09/07/2018

18. bégayer
[construire une ville avec des mots]

Photo by Dominique Paillard
18. bégayer

Tout semble pareil, mais si différent. Rien ne change, c’est toujours le même quartier, toujours les mêmes rues, les mêmes appartements, tout semble pareil, mais si différent. Les lumières de la ville balaient les étoiles si fragiles. La ville s’étale. Au niveau de la rue, les néons aux couleurs multiples de l’arc-en-ciel veillent. Tout semble pareil, mais si différent. Le temps a glissé sur le bitume râpé, craquelé, parfois défoncé. Puis les enseignes, les noms s’égrainent au rythme de la foulée, lente ou rapide selon l’humeur. Et tout semble pareil, l’enseigne de la Pizza Hut, l’agence de location de voitures Hertz, le McDonald’s, l’enseigne défoncée et grinçante du Park Hôtel et le parking 24/7. Tout semble pareil, mais si différent. Jamais au même endroit ces enseignes et toujours présentes à tous les coins de rue.
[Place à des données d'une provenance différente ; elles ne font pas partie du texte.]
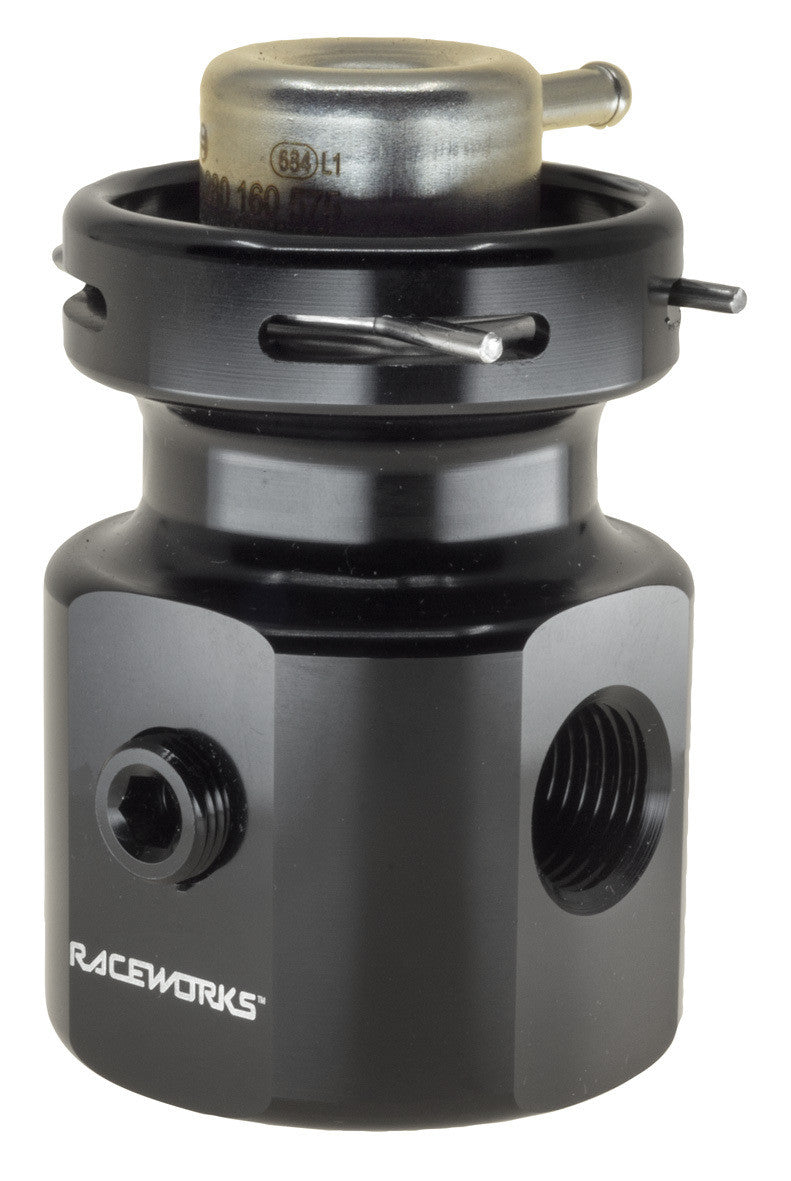 Raceworks FPR Adaptor AN-6 - Suits Bosch Pot Regulators
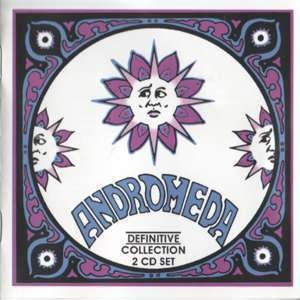 Andromeda (Defintive Collection 1968-1969) (2000) (disc1) + scans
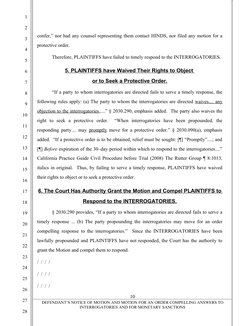 1
2
3
4
5
6
7
8
9
10
11
12
13
14
15
16
17
18
19
20
21
22
23
24
25
26
27
28
confer,” nor had any counsel representing them con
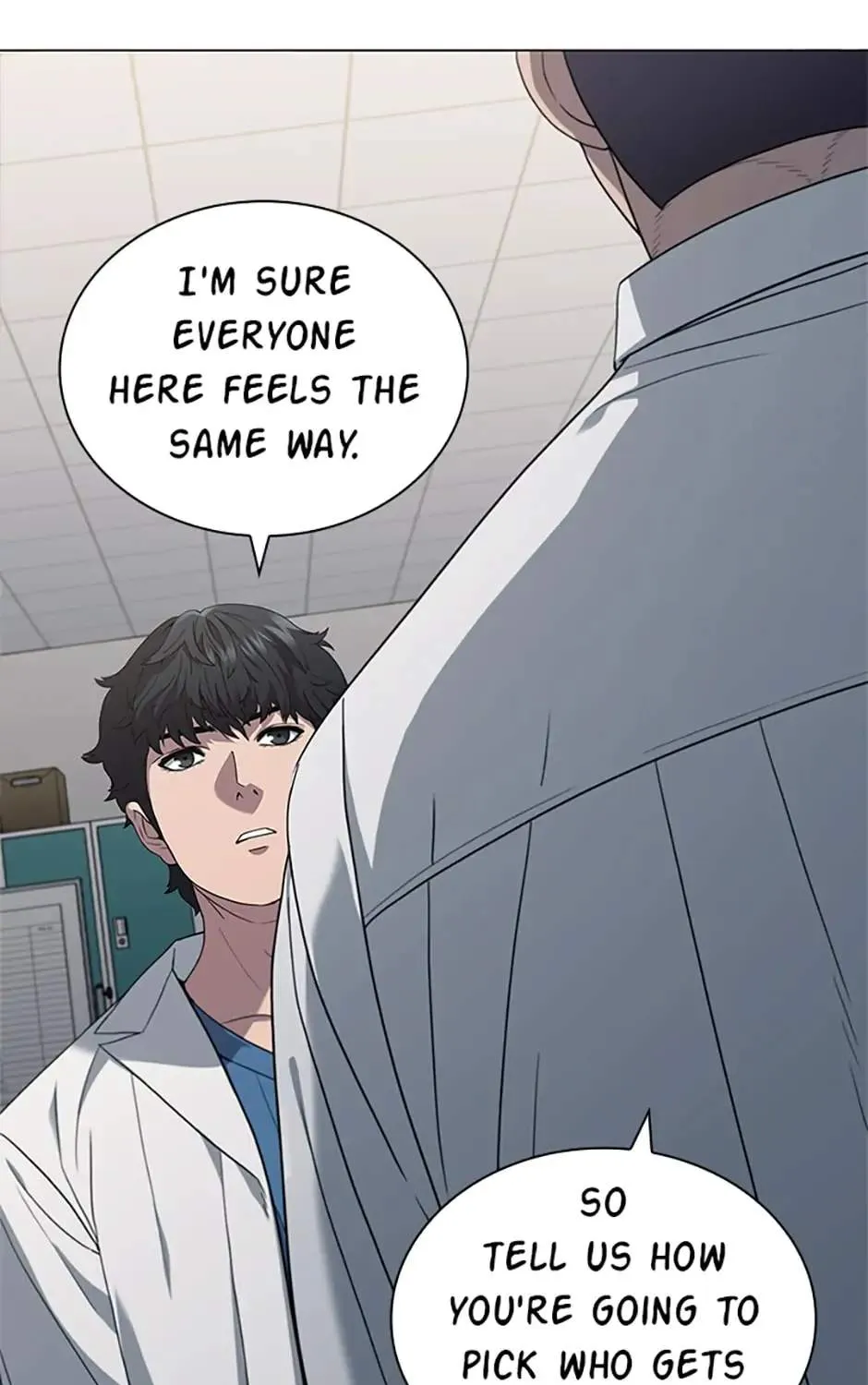 Read Dr. Choi Tae-Soo chapter 140 image 22 on Lezhin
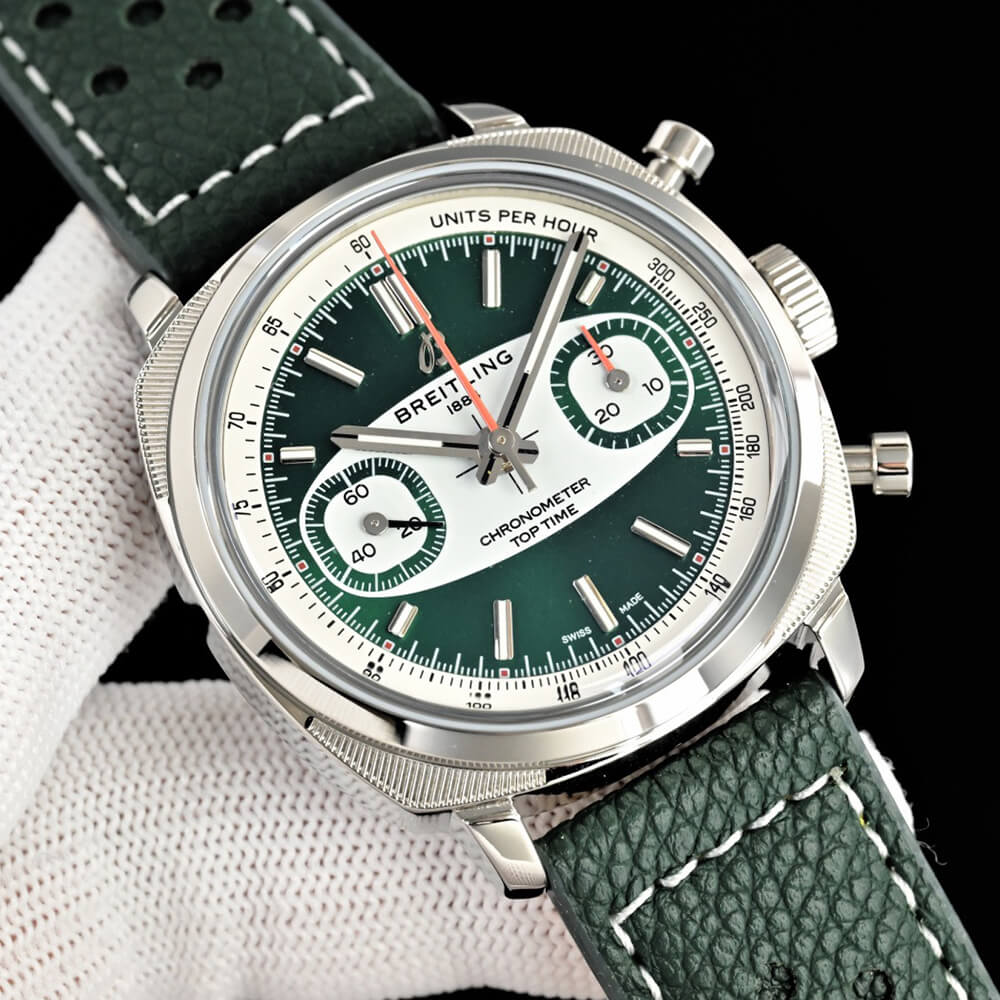 Breitling Top Time B01 Racing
Tout semble pareil, mais si différent. Trois marins déambulent dans les quartiers animés de la ville. Un couple traverse la rue en courant, tout semble pareil, le même désir, le même baiser passionné, mais si différent ce baiser. Une femme de ménage passe le porche d’un immeuble. Tout semble pareil depuis qu’elle a commencé à travailler à l’âge de 15 ans, mais si différent. Le videur du club de jazz vient de s’offrir un coca au distributeur du garage du coin de la rue, tout semble pareil. Il ingurgite la bouteille en verre de 25cl en buvant de longues gorgées au goulot. Tout semble pareil, mais si différent. Et la ville s’enfonce dans la nuit.